44. Promises (5)

Wes did not linger at the Geppett estate.

The moment Lord Valence departed the estate with his retinue, he ran for his bedchambers and hurriedly stashed a water flask, a hunting knife, and a warm change of clothes into his bag. But an unwelcome, sallow face was waiting for him as he tore out into the hallway.

“Hello, young master,” said Grey Dismas sourly. “You’ll notice that I have not yet informed your lord father of the depths of your betrayal, regarding your scandalous choice of partner—”

“Yes, very good,” said Wes distantly. He shouldered past Grey and hopped on the banister, sliding down the flight of stairs.

“I am talking!” came Grey’s cry from above. “Return here at once so you can be properly chastised!”

The most important thing was to confirm Azalea’s whereabouts.

It was very possible that Lord Valence had invented his entire story.
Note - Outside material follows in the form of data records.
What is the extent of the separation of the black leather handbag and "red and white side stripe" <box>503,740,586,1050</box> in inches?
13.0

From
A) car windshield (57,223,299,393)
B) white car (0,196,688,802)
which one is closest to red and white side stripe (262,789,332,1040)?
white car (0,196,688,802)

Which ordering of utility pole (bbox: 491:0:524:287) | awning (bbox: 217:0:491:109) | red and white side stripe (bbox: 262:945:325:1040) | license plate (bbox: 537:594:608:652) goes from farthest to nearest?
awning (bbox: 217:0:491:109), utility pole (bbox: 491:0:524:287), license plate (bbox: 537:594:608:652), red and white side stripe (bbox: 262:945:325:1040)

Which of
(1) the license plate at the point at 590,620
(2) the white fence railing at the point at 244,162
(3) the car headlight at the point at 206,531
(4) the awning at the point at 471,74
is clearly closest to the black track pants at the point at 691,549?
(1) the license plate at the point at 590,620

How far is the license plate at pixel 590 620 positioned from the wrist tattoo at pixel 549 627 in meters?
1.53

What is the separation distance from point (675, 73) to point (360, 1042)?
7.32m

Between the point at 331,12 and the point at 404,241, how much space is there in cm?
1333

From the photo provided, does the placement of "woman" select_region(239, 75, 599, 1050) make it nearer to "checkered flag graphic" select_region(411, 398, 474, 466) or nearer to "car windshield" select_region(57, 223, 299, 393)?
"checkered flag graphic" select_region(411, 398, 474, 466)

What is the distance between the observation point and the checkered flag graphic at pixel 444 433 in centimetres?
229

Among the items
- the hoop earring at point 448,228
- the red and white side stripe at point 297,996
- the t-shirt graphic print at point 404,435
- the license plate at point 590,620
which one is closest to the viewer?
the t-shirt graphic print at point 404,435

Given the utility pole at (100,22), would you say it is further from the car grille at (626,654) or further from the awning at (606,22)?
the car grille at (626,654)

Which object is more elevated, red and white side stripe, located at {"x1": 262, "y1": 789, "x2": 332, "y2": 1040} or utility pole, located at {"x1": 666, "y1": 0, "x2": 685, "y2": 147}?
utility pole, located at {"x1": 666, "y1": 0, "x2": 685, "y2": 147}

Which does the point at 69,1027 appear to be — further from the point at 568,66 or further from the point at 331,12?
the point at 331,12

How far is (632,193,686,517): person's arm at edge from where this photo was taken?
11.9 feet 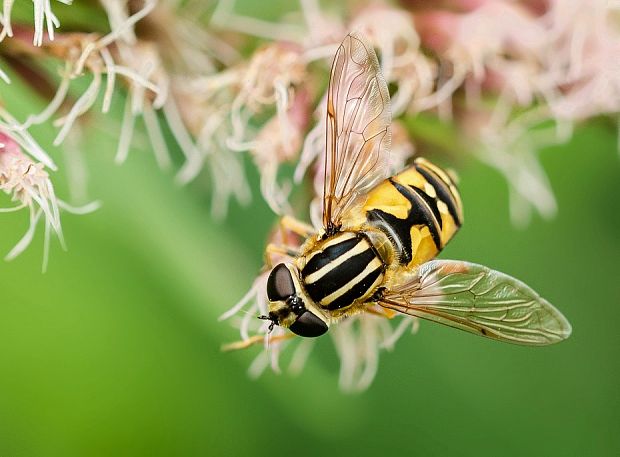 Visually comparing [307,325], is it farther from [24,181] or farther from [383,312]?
[24,181]

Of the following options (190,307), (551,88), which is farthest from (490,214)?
(190,307)

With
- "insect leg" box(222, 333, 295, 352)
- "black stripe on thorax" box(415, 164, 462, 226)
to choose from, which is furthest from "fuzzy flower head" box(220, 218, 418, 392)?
"black stripe on thorax" box(415, 164, 462, 226)

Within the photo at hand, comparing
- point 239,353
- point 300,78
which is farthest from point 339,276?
point 239,353

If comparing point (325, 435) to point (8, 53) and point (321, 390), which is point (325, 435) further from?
point (8, 53)

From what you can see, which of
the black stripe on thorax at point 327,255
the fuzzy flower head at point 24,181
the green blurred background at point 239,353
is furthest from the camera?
the green blurred background at point 239,353

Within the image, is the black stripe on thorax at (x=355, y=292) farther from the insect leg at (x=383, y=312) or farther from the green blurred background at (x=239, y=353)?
the green blurred background at (x=239, y=353)

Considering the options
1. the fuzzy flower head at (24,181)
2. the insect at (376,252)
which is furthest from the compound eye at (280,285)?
the fuzzy flower head at (24,181)

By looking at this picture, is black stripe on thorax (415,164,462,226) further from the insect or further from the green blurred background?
the green blurred background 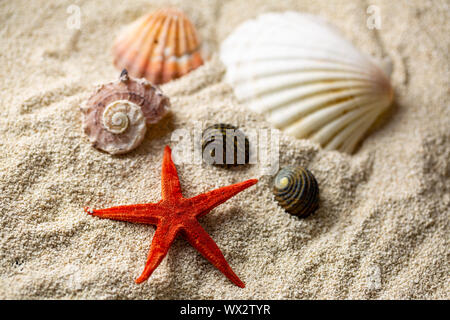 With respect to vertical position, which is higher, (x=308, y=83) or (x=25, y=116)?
(x=308, y=83)

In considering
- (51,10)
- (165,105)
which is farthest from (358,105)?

But this was unlikely, Wes had to admit—because Valence had nothing to gain from making such a bold ploy on somebody who had no authority or influence.
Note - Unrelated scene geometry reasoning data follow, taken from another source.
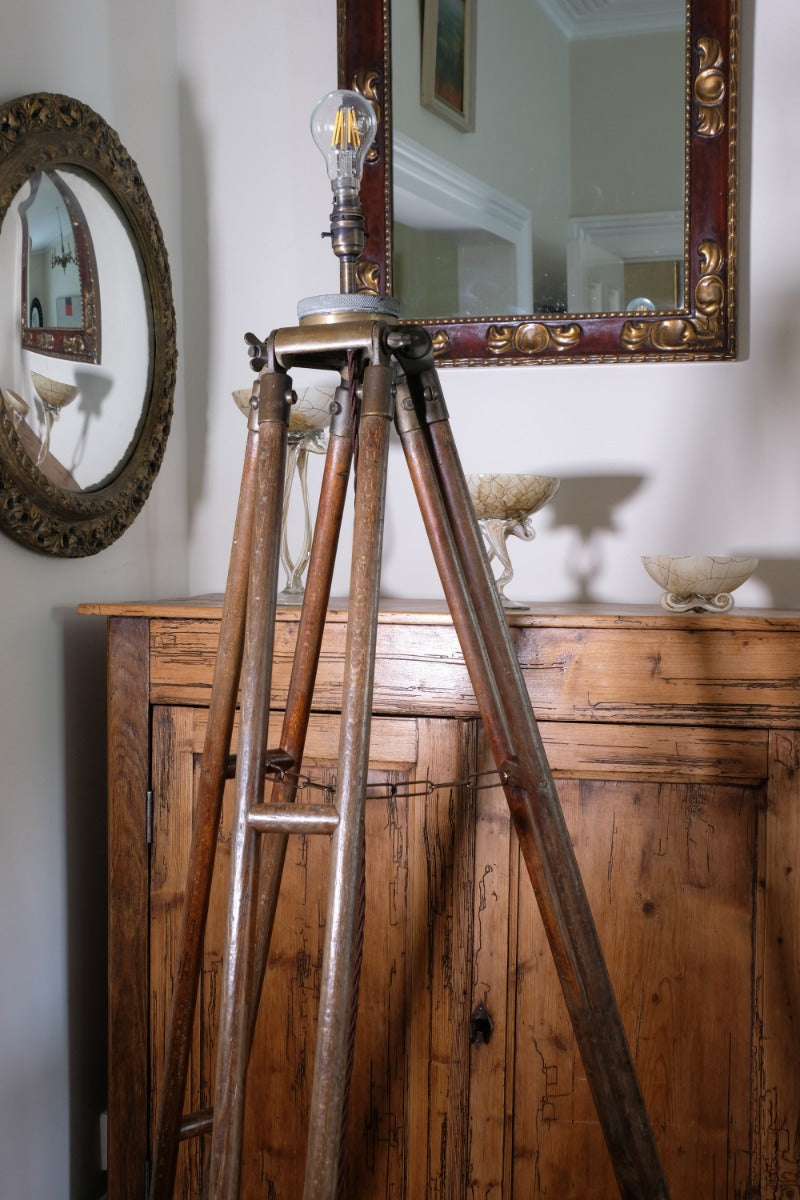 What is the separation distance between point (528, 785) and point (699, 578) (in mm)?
543

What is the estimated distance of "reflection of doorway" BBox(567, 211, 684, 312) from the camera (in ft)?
6.38

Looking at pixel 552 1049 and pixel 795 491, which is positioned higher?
pixel 795 491

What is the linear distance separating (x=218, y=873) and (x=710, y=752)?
0.77 m

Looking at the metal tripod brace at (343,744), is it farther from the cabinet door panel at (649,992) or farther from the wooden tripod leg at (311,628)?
the cabinet door panel at (649,992)

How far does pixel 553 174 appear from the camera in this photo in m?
2.00

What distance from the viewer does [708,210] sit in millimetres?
1908

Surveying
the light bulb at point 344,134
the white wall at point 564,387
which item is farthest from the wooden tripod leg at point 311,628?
the white wall at point 564,387

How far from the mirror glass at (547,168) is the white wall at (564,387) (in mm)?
127

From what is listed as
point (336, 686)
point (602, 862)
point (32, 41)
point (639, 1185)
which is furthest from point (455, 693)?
point (32, 41)

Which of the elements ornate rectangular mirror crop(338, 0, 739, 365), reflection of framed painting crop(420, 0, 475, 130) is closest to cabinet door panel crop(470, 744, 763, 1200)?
ornate rectangular mirror crop(338, 0, 739, 365)

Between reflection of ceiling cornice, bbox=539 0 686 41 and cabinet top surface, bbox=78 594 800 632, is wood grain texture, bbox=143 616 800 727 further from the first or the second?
reflection of ceiling cornice, bbox=539 0 686 41

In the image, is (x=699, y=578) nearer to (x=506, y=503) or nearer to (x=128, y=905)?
(x=506, y=503)

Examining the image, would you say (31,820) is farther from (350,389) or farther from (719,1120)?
(719,1120)

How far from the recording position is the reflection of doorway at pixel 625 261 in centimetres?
194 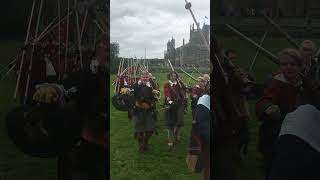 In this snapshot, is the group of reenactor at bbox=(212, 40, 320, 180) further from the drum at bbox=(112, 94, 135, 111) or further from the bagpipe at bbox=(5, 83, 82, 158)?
the bagpipe at bbox=(5, 83, 82, 158)

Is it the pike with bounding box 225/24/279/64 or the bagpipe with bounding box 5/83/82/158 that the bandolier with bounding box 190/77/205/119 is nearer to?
the pike with bounding box 225/24/279/64

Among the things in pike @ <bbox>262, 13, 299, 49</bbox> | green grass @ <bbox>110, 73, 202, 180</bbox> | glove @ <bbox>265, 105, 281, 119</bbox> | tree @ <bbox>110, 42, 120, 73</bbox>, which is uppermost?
pike @ <bbox>262, 13, 299, 49</bbox>

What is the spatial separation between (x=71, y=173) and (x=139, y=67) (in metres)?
1.02

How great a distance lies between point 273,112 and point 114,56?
1342mm

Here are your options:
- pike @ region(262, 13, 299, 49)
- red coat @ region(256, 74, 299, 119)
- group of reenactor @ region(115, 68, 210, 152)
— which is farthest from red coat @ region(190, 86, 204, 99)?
pike @ region(262, 13, 299, 49)

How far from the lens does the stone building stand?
3926 mm

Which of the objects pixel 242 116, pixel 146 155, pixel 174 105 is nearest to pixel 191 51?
pixel 174 105

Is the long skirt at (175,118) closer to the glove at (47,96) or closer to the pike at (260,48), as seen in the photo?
the pike at (260,48)

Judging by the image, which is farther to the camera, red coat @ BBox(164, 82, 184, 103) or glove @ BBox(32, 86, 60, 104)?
red coat @ BBox(164, 82, 184, 103)

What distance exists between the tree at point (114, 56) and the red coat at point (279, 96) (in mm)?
1172

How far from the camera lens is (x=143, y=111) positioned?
157 inches

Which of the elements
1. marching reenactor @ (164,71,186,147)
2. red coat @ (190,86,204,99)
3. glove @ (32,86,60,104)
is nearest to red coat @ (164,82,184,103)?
marching reenactor @ (164,71,186,147)

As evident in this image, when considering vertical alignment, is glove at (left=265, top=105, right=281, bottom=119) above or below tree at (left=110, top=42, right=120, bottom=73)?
below

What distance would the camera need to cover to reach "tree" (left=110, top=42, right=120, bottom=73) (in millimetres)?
3938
Wes burst through the estate’s opulent iron gates and began springstepping to Mythaven at an urgent pace. His legs screamed in protest with every leap, but he refused to give in to the pain. Not before he had confirmed the truth.

He pushed into his workshop, but was only met with silence. The same applied to her little rented room, where her belongings lay untouched, dust gathering on the windowsill.

Panic rising, Wes turned his steps to the Hunter’s Guild.

He pushed through the main area, ignoring the restless groups of Hunters congregating around tables of beer flagons and cards, and barreled into Nicolina’s office without preface. The guildmaster was sitting behind her desk several feet away, studying a map sprawling over her desk. At her side stood Karis Caelute, who seemed likewise occupied. Their faces, ordinarily placid and well-controlled, were drawn and grim.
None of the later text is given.